Kim Klement-USA TODAY Sports

The New York Yankees promoted rookie outfielder Ben Gamel to the big league roster yesterday. He is a somewhat obscure prospect so let's take a look at what he offers.

Basic information from the 2016 Baseball Prospect Book:

Ben Gamel, OF, New York Yankees
Bats: L Throws: L HT: 5-11 WT: 185 DOB: May 17, 1992

2011: Grade C; 2012: Grade C; 2013: Grade C: 2014: Grade C; 2015: Grade C

Ben Gamel was drafted in the 10th round in 2010 from high school in Jacksonville, Florida. The younger brother of former major leaguer Matt Gamel, Ben hit well in the New York-Penn League in 2011 (.289/.373/.432) and the South Atlantic League in 2012 (.306/.342/.394). However, his 2013 and 2014 seasons were mediocre and he fell off prospect charts. He rebounded with an impressive 2015 season in Triple-A but opinions remain mixed. Positives: scouts have always liked his swing and give him decent comment for pure hitting skills. He shows some feel for the strike zone. He set a career-best mark in SLG last year and got to his power more frequently. He can play all three outfield positions reasonably well. Major league bloodlines are always nice. Negatives: he doesn’t have a standout tool with merely average speed, arm strength, and raw power, factors which could make him a tweener. There’s understandable concern that the ISO surge last year was a fluke given the out-of-contextness in regards to the rest of his career. He turns 24 in May so he’s not exactly a super-young prospect. All that said, Gamel could end up being a very useful role player. Grade C+.

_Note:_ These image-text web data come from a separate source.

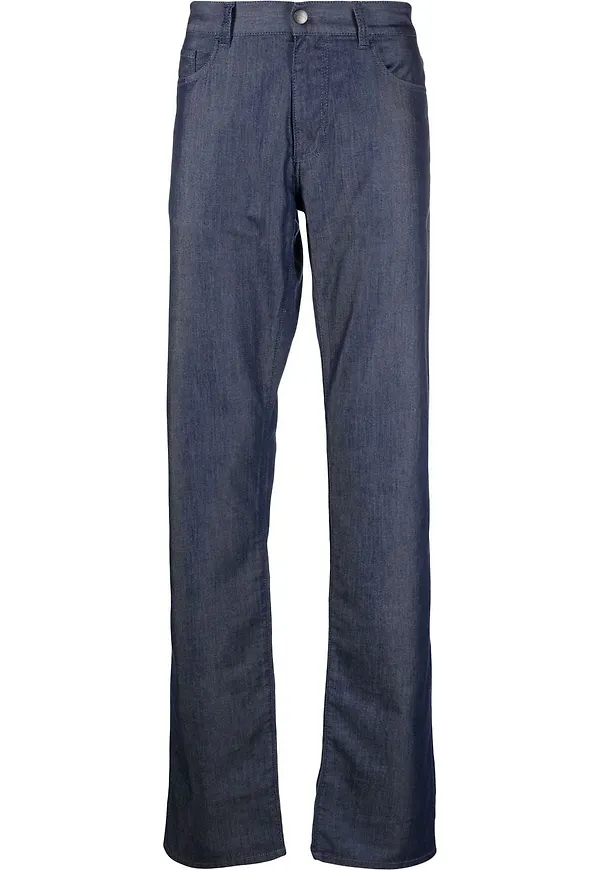 Canali straight-jeans - Blå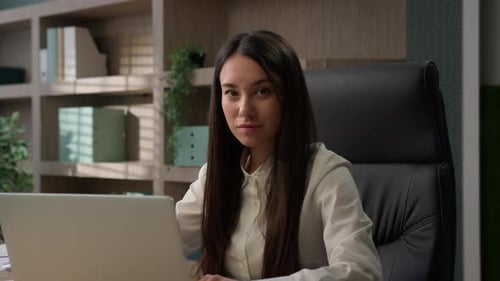 Beautiful Caucasian Office Worker Business Girl Student Employer Female Entrepreneur Manager Lawyer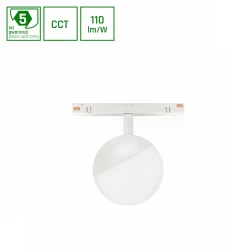 SYSTEM SHIFT CCT- GLOBE OPRAWA KULA FI100X130MM 5W 165ST BIAŁA CCT SWITCH 5 LAT GW.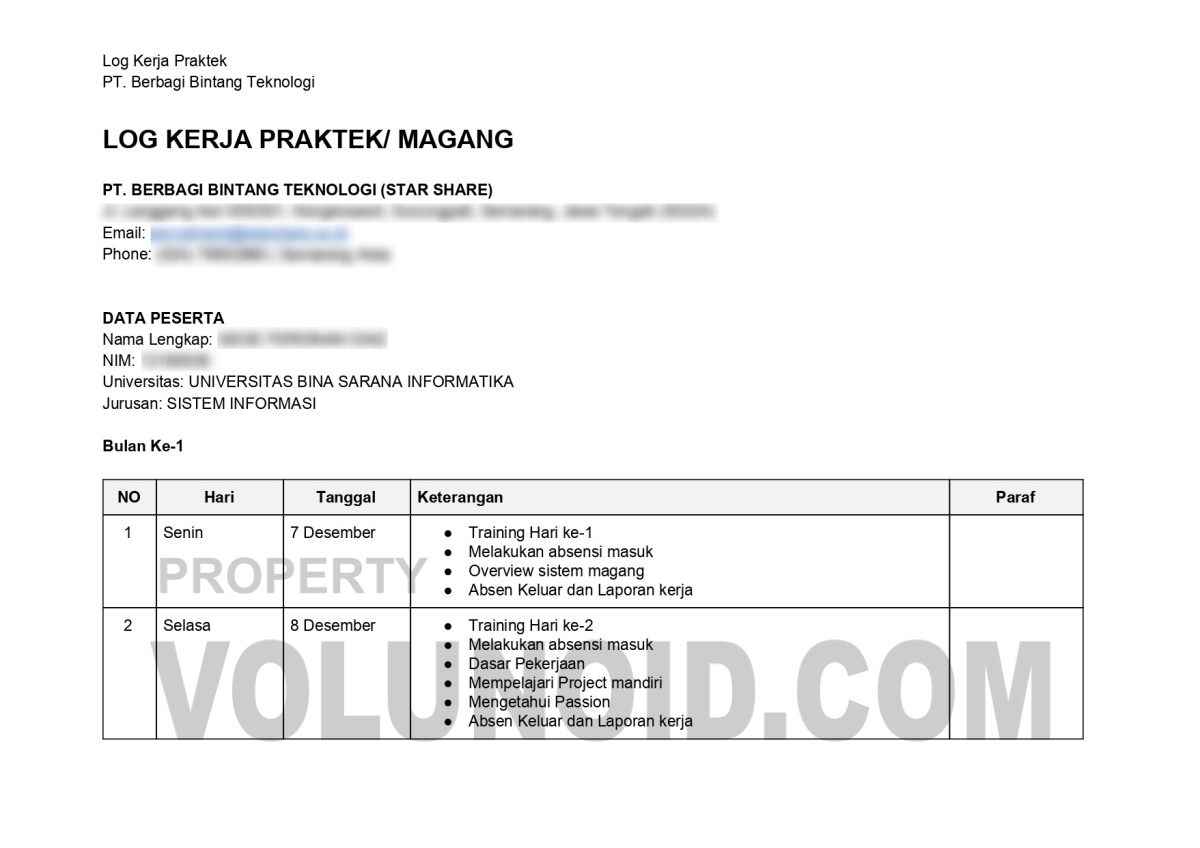 Contoh Laporan Magang Universitas Bina Sarana Informatika Jurusan Sistem Informasi 01 Contoh Laporan Magang Universitas Bina Sarana Informatika Jurusan Sistem Informasi 01 - Dokumen dan Contoh Laporan Magang Universitas Bina Sarana Informatika
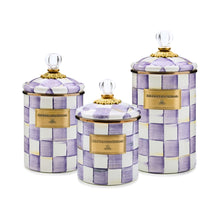 Cargar imagen en el visor de la galería, Violet Check Small Canister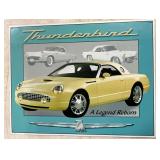 Thunderbird metal sign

Gamel hit .300/.358/.472 last year for Triple-A Scranton, setting career-best marks in triples, homers, slugging percentage, and isolated power. This year he was hitting .286/.346/.363 through 91 at-bats for Scranton, which is much more in line with the rest of his career.

Gamel looks like a .250-.260 hitter with adequate on-base skills and some gap pop, but the isolated power spike last year looks questionable to me since there's no sign of it this year. Given that his defensive tools profile best in the corner spots, concerns that he will be a tweener seem justified. He plays aggressively with good instincts and that might give him an edge in competition for fifth outfielder spots with similar players.